José Sócrates a accusé ce jeudi le Parquet d'agir avec un biais politique évident, refusant d'enquêter sur les relations de l'actuel premier ministre, Luís Montenegro, avec l'entreprise Spinumviva. Les déclarations ont été faites à l'entrée du tribunal, où l'ancien leader gouvernemental est revenu pour être entendu dans le cadre de l'affaire Marquês. Sócrates a soutenu que les instances judiciaires appliquent des critères inégaux selon l'affiliation partisane des personnes mises en cause, imputant au Parquet Général de la République un contrôle disproportionné contre les personnalités du Parti Socialiste.
L'ancien premier ministre a opposé l'insistance mise sur les imputations dont il fait l'objet à l'absence d'enquêtes formelles sur les activités privées des membres de l'exécutif actuel.
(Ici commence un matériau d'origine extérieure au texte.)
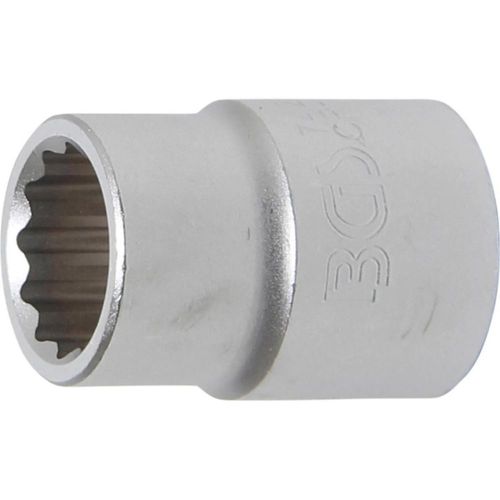 DADO 12 CARAS | ENTRADA 3/4" | 22 MM | BGS 7422
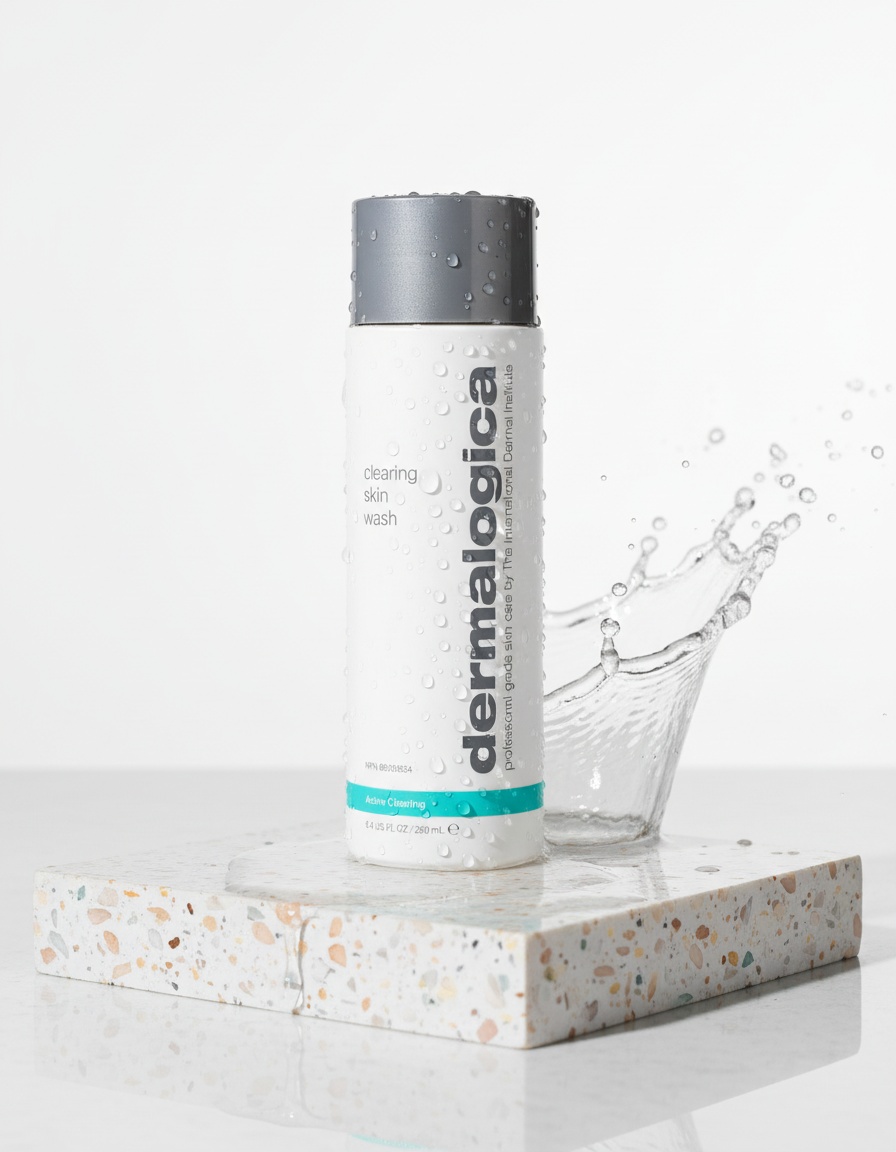 Dermalogica MEDIBAC CLEARING skin wash 250 ml - Afbeelding 3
Il a défendu qu'il n'a jamais retiré de bénéfices d'entités sociétaires, affirmant n'avoir jamais reçu d'argent d'aucune entreprise ni de dividendes, et a critiqué la passivité des magistrats qui ne cherchent pas à savoir si Luís Montenegro maintient des participations ou des fonctions entrepreneuriales tout en étant premier ministre.
Sócrates a souligné que le traitement réservé aux protagonistes de la vie publique obéit à deux poids et deux mesures, considérant inacceptable la discrépance dans les procédures adoptées par l'organe d'investigation criminelle. L'ancien dirigeant a également évoquer le processus judiciaire qui a culminé avec la démission d'António Costa de ses fonctions de premier ministre, remettant en question l'ouverture d'enquêtes judiciaires aux contours vagues contre des dirigeants socialistes sans que des éclaircissements complets aient été présentés à l'opinion publique.
L'ancien chef du gouvernement est de nouveau venu déposer au tribunal pour contester les faits reprochés dans l'acte d'accusation de l'affaire Marquês, maintenant le rejet de toutes les pratiques illicites qui lui sont imputées. Il a qualifié l'inculpation décrite comme un scénario scandaleux et profondément préjudiciable pour la normalité démocratique du pays.